A 'normal' railway line runs between two transport hubs (or radiates from one), and has stations in wayside towns. Running passenger transport on such a line is aimed for the outer commuter belt, it is the longest-distance (and potentially fastest) form of commuter service. It is typically also the most 'concentrated': it functions best if stations are transport hubs themselves (for buses etc.), it doesn't run too frequently, but can have high capacity.
In North America, an example could be the services around New York City still maintained by Metro-North.
'Normal' stopping trains often share tracks with freight trains. This can be both a blessing and a curse: a blessing if with passenger alone the line would make too high losses, a curse if passenger has no priority and has to face delays.
It is generally a good idea to strive for lines that don't end out in the nowhere, but in another major hub. This increases utility for passengers dramatically, and even if most passengers would almost always go to one of the hubs, the possibility of occasional trips into much more directions could draw new passengers overall: people who keep to cars for those occasional trips.
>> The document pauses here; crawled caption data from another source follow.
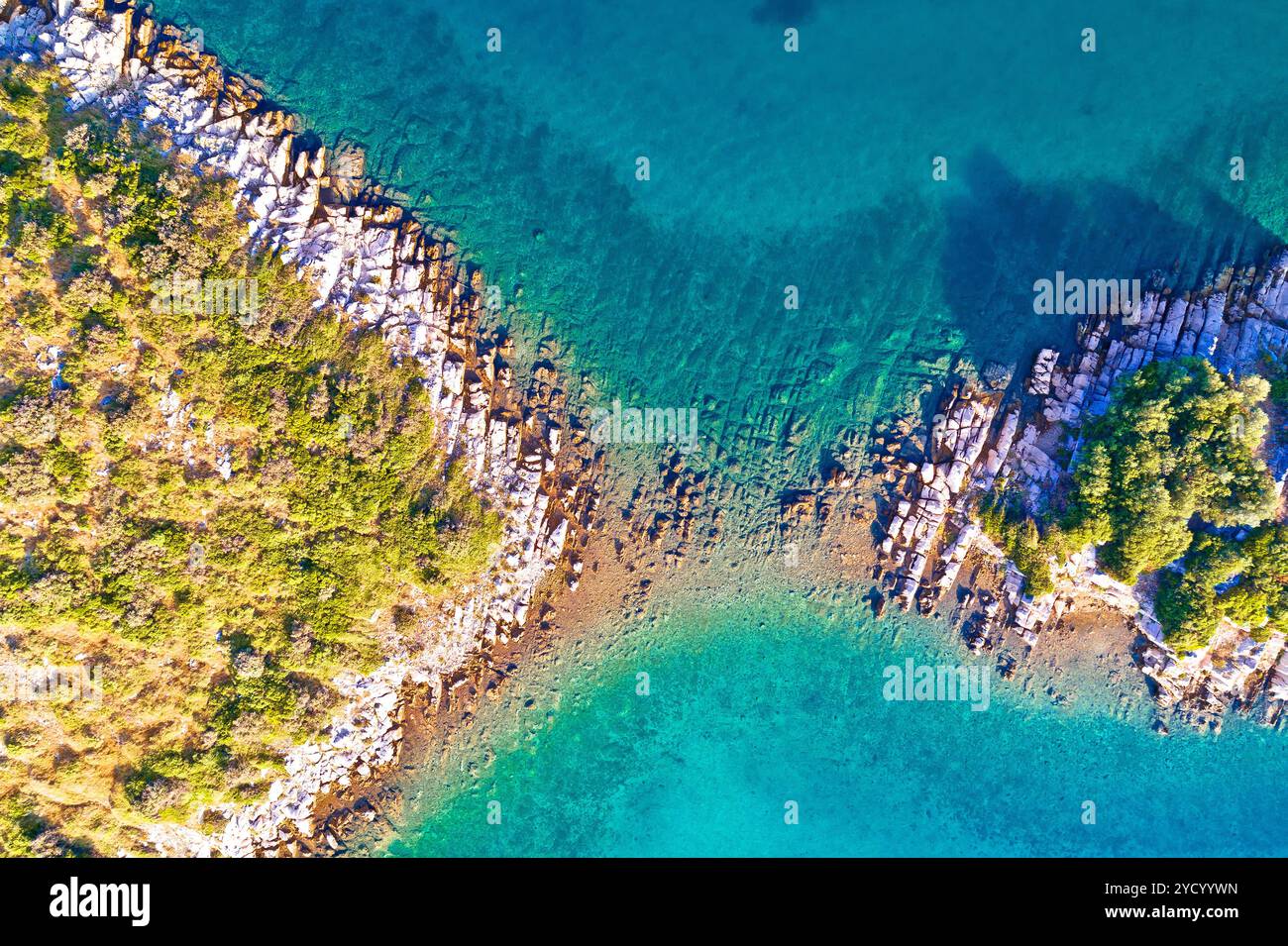 Vista aerea a forma di isola mediterranea Foto Stock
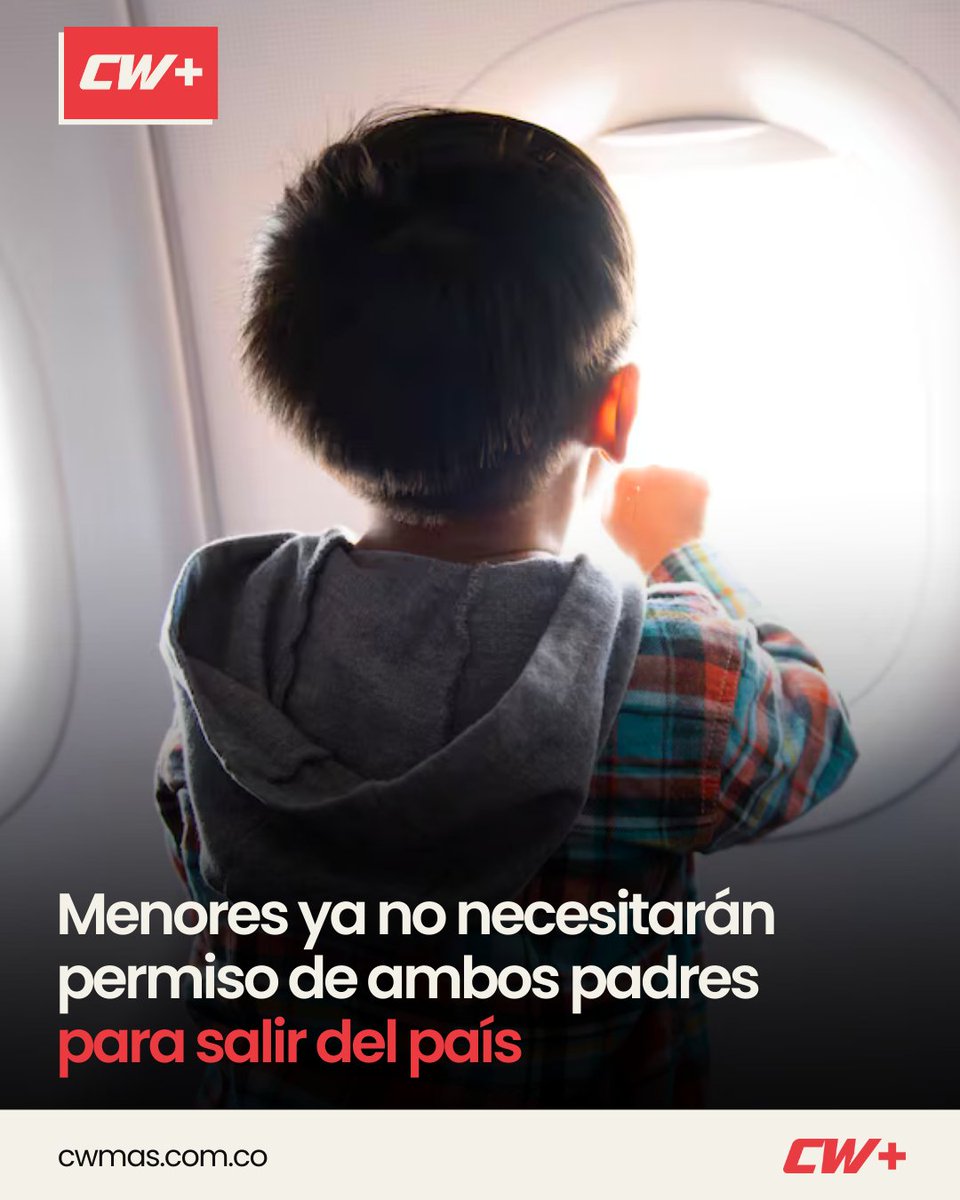 CWMasNoticias's tweet image. COLOMBIA | A partir de ahora, en Colombia los menores podrán salir del país sin autorización de ambos padres si uno de ellos está registrado como deudor alimentario. La medida aplica tras confirmar la mora en al menos tres cuotas y se formaliza mediante la inscripción en el…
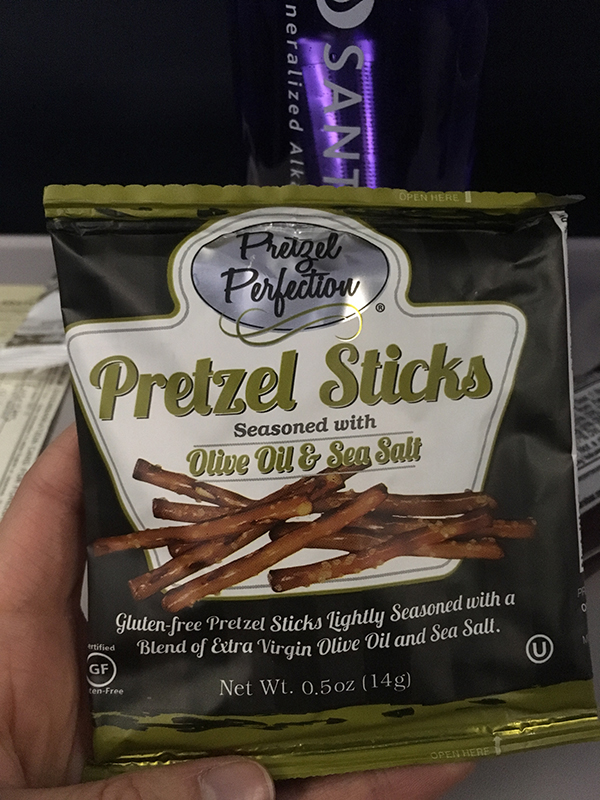 Image of GLUTEN FREE pretzel sticks provided by Delta to gluten-free customers
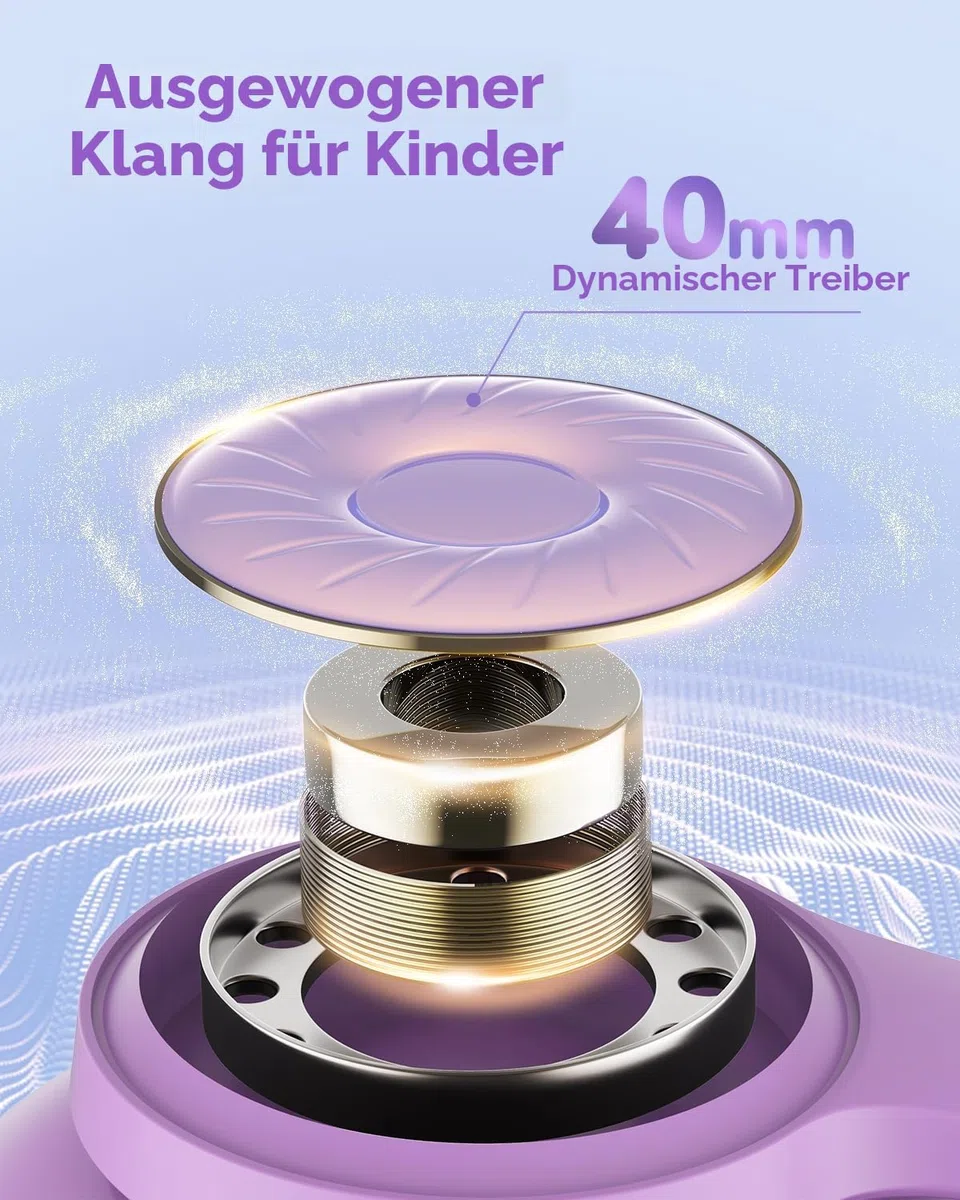 iClever Noise Cancelling Bluetooth Kopfhörer Kinder, 60 Spielzeit, Sichere Lautstärke 80 dBA, Typ-C-Schnellladung, Bluetooth 5.4, Kinder Kopfhörer mit Mikrofon-AUX-Kabel für iPad, Lila
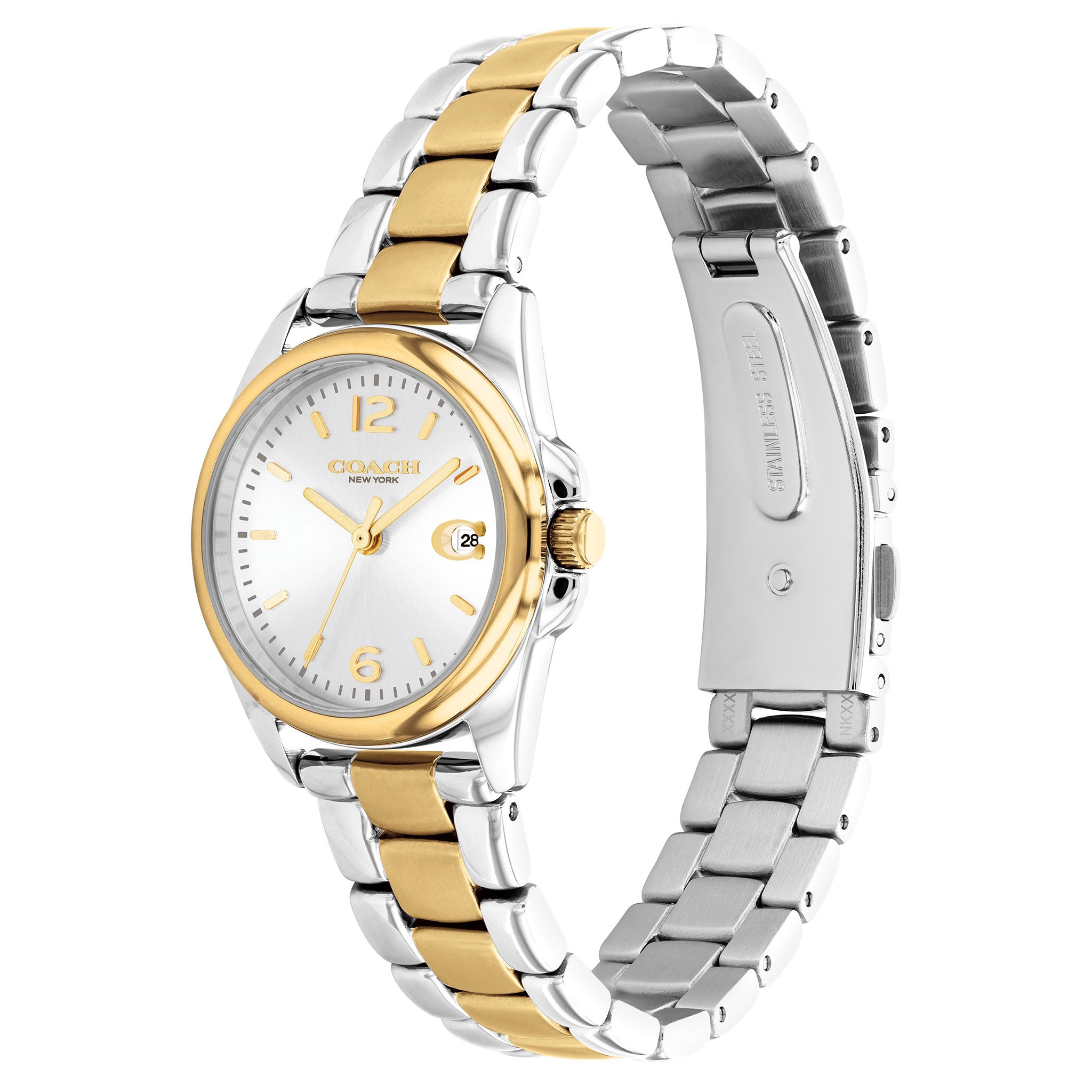Coach Two-Tone Steel Silver White Dial Women's Watch - 14503909
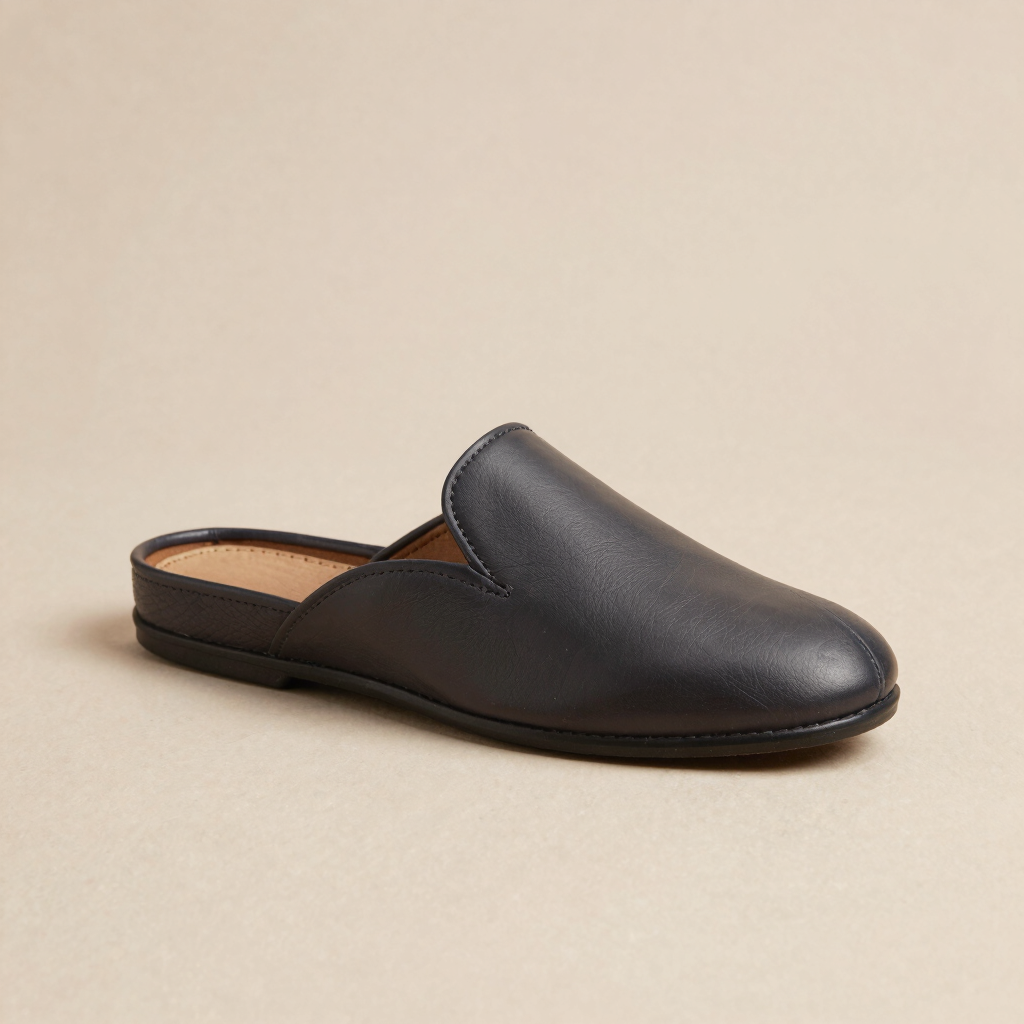 Classic Charcoal Leather Peshawari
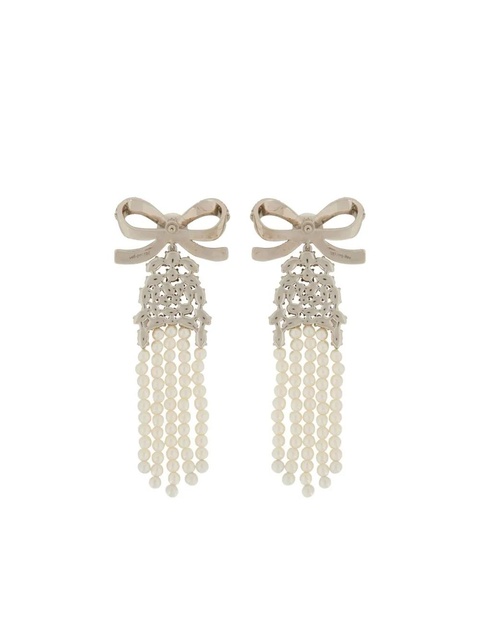 Self-Portrait bow faux-pearl earrings - Silver - zdjęcie produktu nr 1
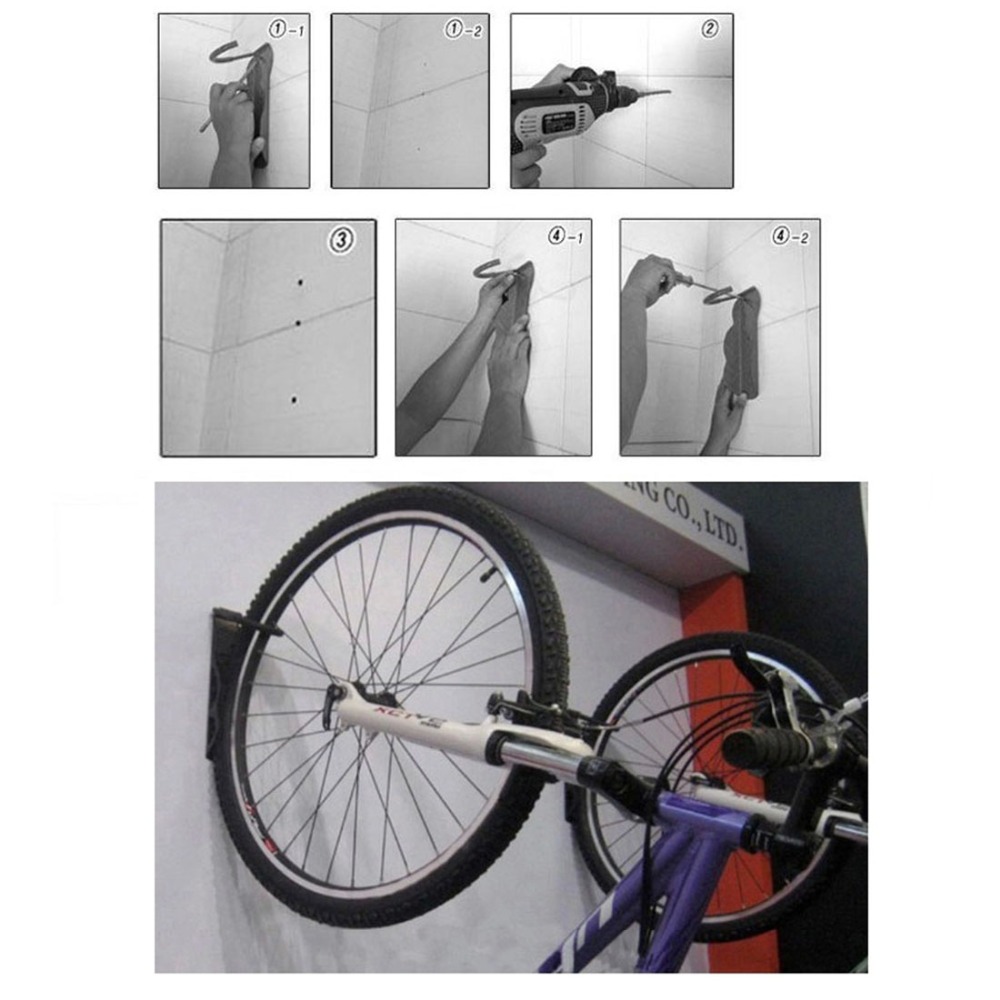 2 Unidades de bicicleta de ciclo Bike Storage Wall de montaje en Rack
Systems centred on a city usually branch out. An old idea to rationalise such service is running 'wing-trains': two trains run together until the junction station, and then continue separately. However, such attempts were often abandoned due to technical difficulties causing delays and extra costs. But lately, this idea finds increased application in Europe, with the spread of modern multiple units in place of locomotive-pulled trains: state-of-the-art electronics and automatic couplers make the option more viable.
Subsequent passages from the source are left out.